## Records provided

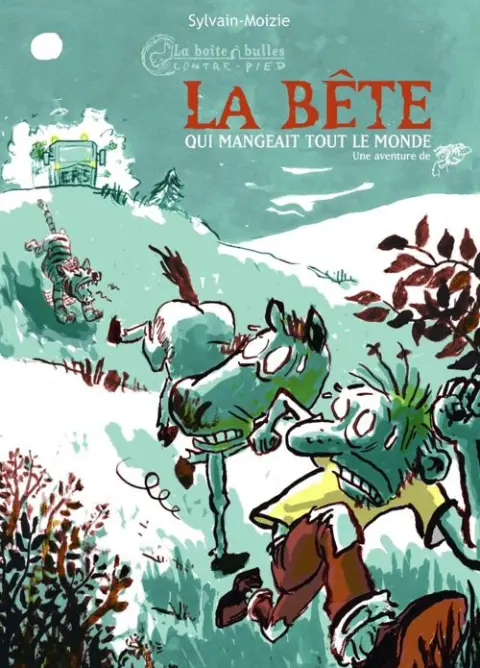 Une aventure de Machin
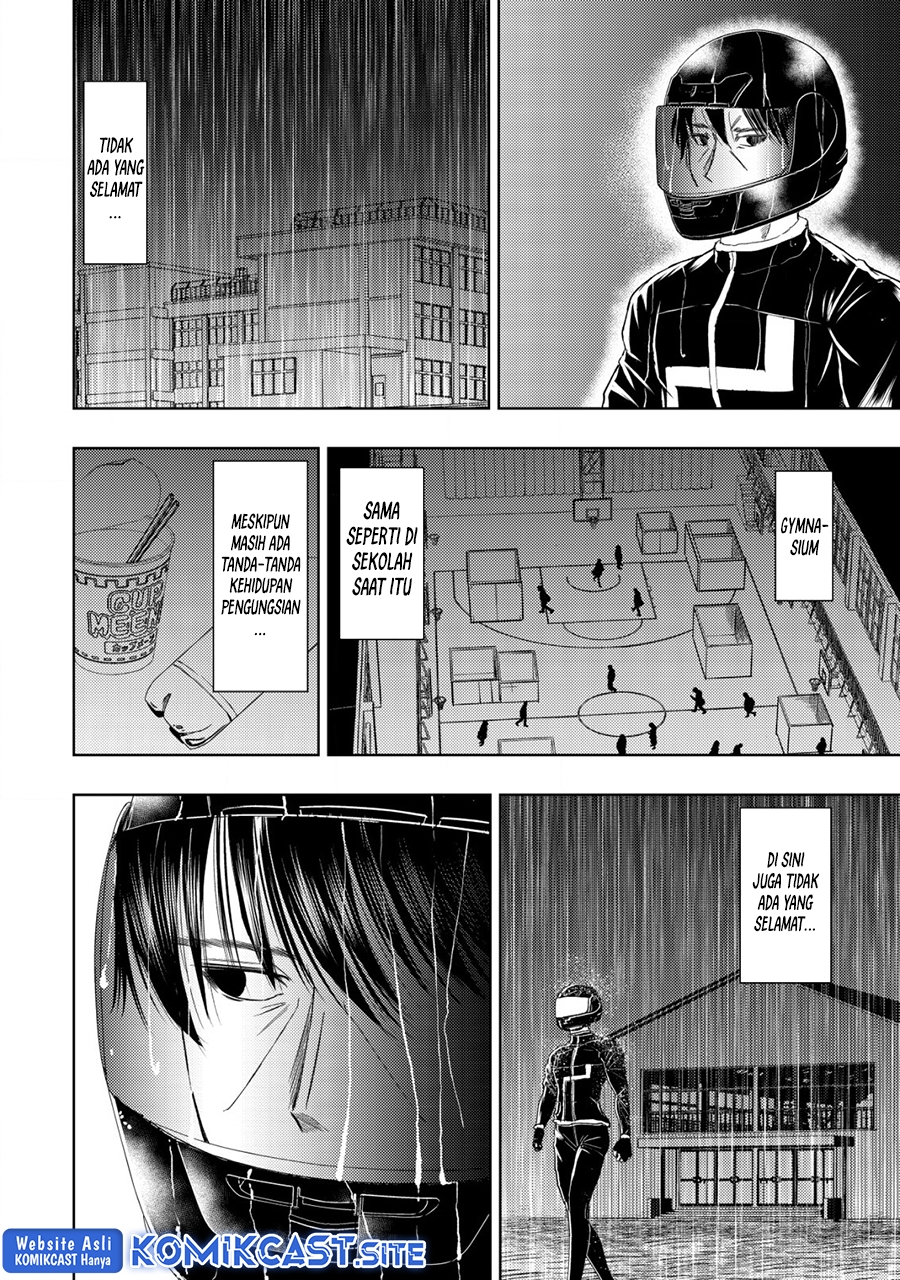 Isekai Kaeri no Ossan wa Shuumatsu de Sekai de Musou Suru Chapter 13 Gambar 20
---
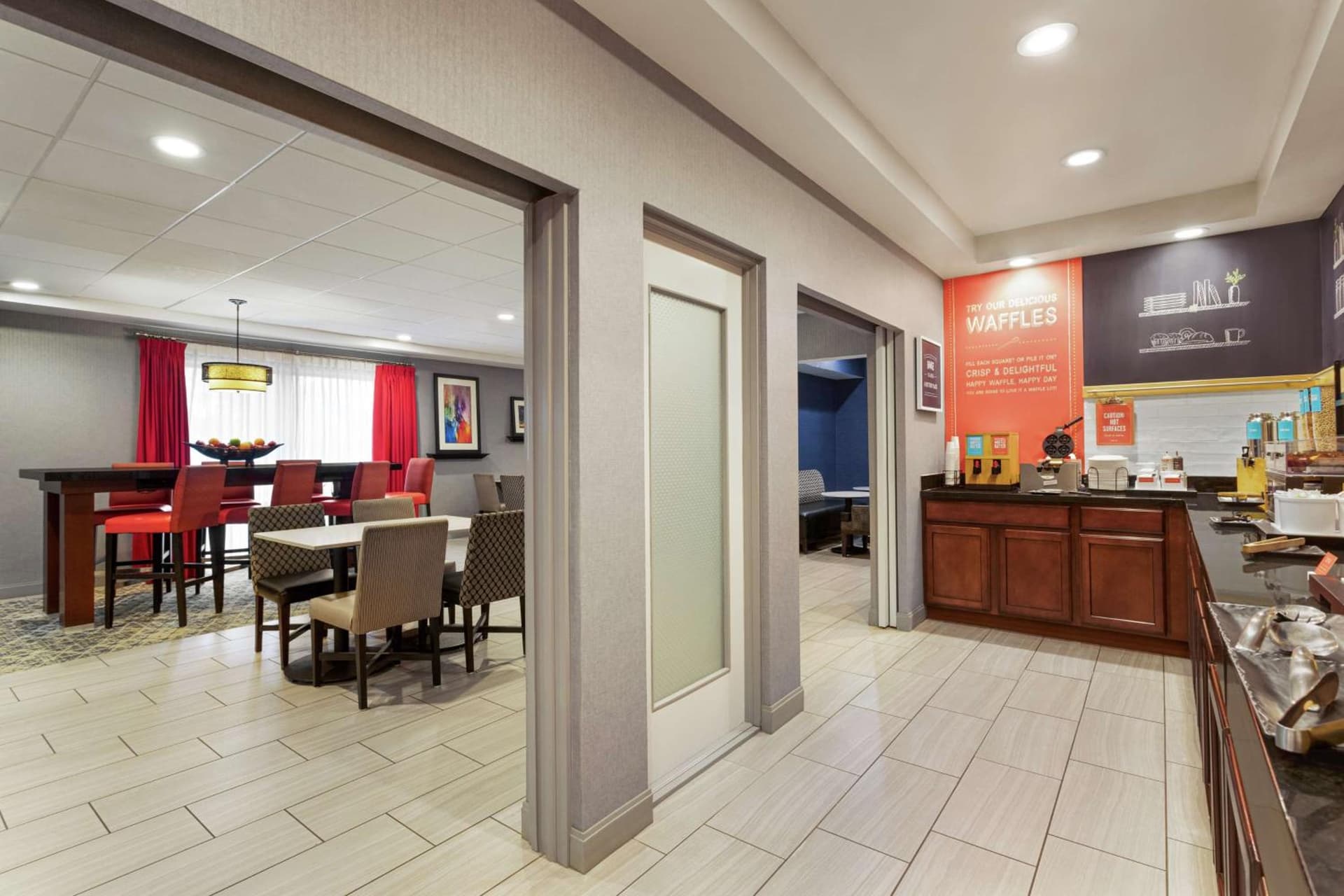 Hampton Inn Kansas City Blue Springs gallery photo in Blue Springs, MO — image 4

## Task brief
Transcribe, exactly and without pictures, everything in the data from the line with "Une aventure de Machin" down to the line with "Isekai Kaeri no", both included.

## Answer to this problem
 Une aventure de Machin
 Isekai Kaeri no Ossan wa Shuumatsu de Sekai de Musou Suru Chapter 13 Gambar 20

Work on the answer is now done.